Cartel’s video game recruitment process revealed

The strategy employed by a cartel to recruit teenagers through a video game was explained at President López Obrador’s Wednesday morning news conference where, for the second time this week, the president warned of the dangers of allowing children to play with Nintendo games.

Three 11 to 14-year-old boys were rescued on October 9 in Oaxaca after being taken hostage by affiliates of the Tamaulipas based Northeast Cartel. They had been lured by offers of lucrative work via the shooter video game Free Fire.

The cartel planned to send the boys from Tlacolula de Matamoros, about 30 kilometers from Oaxaca city, to Monterrey, Nuevo León, to employ them as “hawks,” or cartel lookouts. One of the boys left a letter to his parents telling them not to worry because he had gone to work in Monterrey and would send lots of money.

Deputy Security Minister Ricardo Mejía Berdeja explained the pertinence of the case. “This case is important … it intertwines the virtual world with the real world because criminals carried out their criminal activities through online multiplayer games and social networks,” he said.

Mejía detailed how the events unfolded: a cartel affiliate acting under the name “Rafael” communicated with one of the youths through Free Fire in August. He pretended to be the same age and to share the same interests. The youth added him on Facebook, and later gave him his cell phone number.

After the pair continued to communicate through Facebook and WhatsApp “Rafael” offered the youth 8,000 pesos per fortnight (about US $400) to work as a hawk in Monterrey. He credited the offer with the youth’s obvious fondness for weapons, and assured him that he would earn a lot of money.

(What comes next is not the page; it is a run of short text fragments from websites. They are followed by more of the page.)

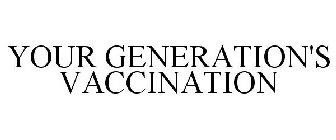 YOUR GENERATION'S VACCINATION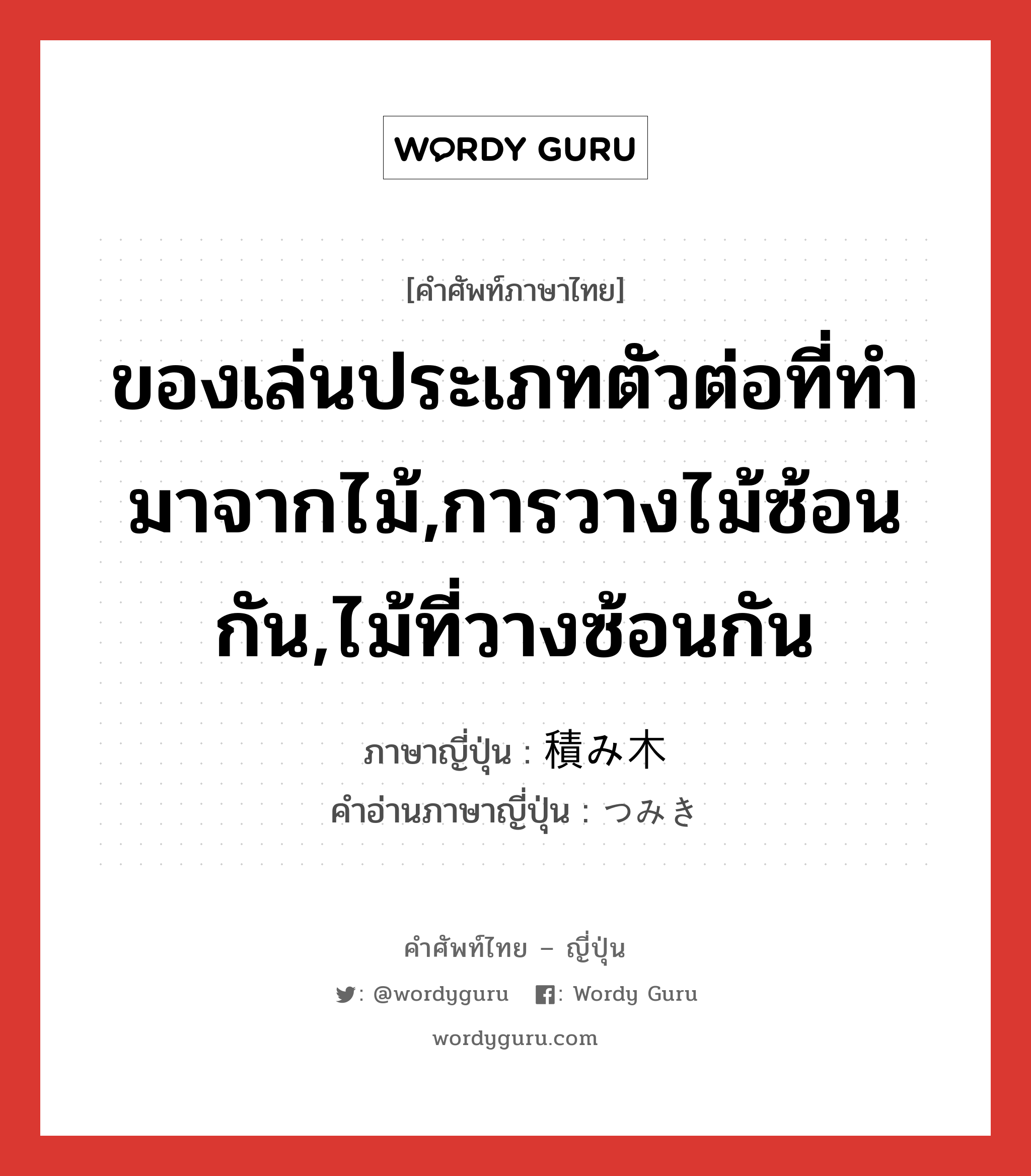 ของเล่นประเภทตัวต่อที่ทำมาจากไม้,การวางไม้ซ้อนกัน,ไม้ที่วางซ้อนกัน ภาษาญี่ปุ่นคืออะไร, คำศัพท์ภาษาไทย - ญี่ปุ่น ของเล่นประเภทตัวต่อที่ทำมาจากไม้,การวางไม้ซ้อนกัน,ไม้ที่วางซ้อนกัน ภาษาญี่ปุ่น 積み木 คำอ่านภาษาญี่ปุ่น つみき หมวด n หมวด n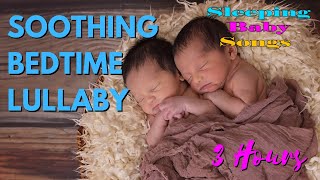 3 Hours Super Relaxing Baby Music: Most Soothing Bedtime Lullaby for Cute Baby Asleep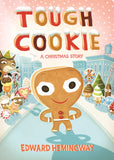 Front cover of the book 'Tough Cookie: A Christmas Story' by Edward Hemingway.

The youth accepted the offer and invited two school friends to join him, informing “Rafael” that they would like to replicate the deal. They were told to contact a woman and were sent money for their bus tickets to Oaxaca city.

On arrival, they were bought bus tickets with false identity numbers and taken to an address in the east of Oaxaca city, where they were later rescued.

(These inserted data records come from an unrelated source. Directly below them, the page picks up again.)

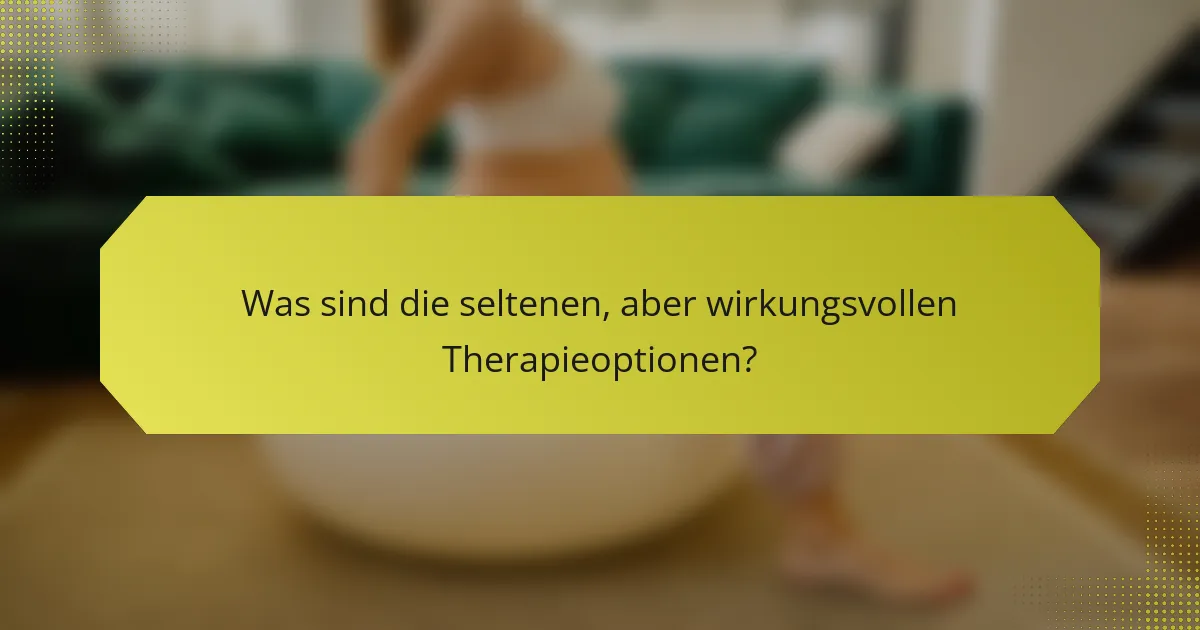 Was sind die seltenen, aber wirkungsvollen Therapieoptionen?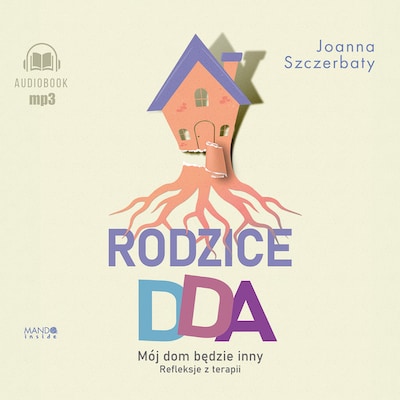 Rodzice DDA – okładka audiobooka, autor Joanna Szczerbaty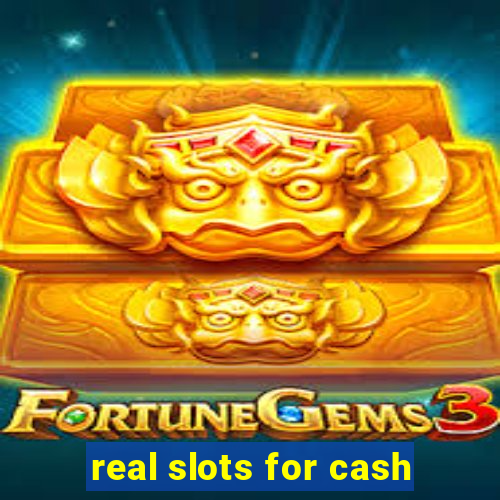 real slots for cash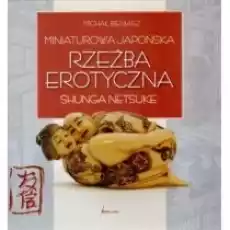 Miniaturowa japońska rzeźba erotyczna Książki Kultura i sztuka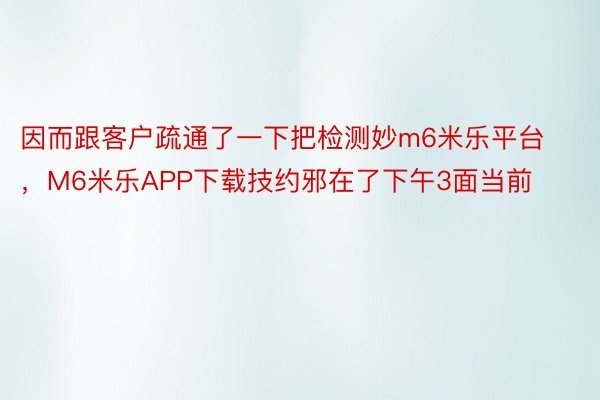 因而跟客户疏通了一下把检测妙m6米乐平台，M6米乐APP下载技约邪在了下午3面当前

Mejía provided a warning, due to the ease with which Free Fire can be accessed: “It is … downloaded from any mobile device for free and has a high content of violence … currently this game has 80 million users worldwide … without any real restrictions.”

He added that the internet offers a host of dangers, which need to be negotiated. “These are the risks of the internet, the accessibility to a series of platforms without any control … criminal infiltration, the attempted recruitment or recruitment, imposing stereotypes such as narcoculture, addiction to easy money, overvaluation of economic capacity, normalization of violence, bullying, xenophobia, the risk of cyberbullying, early sexualization, anxiety disorders and neuropsychiatric implications,” he said.

President López Obrador criticized parents for entertaining their children with Nintendo and other video games, warning exposure to them could lead to violence and calling them harmful.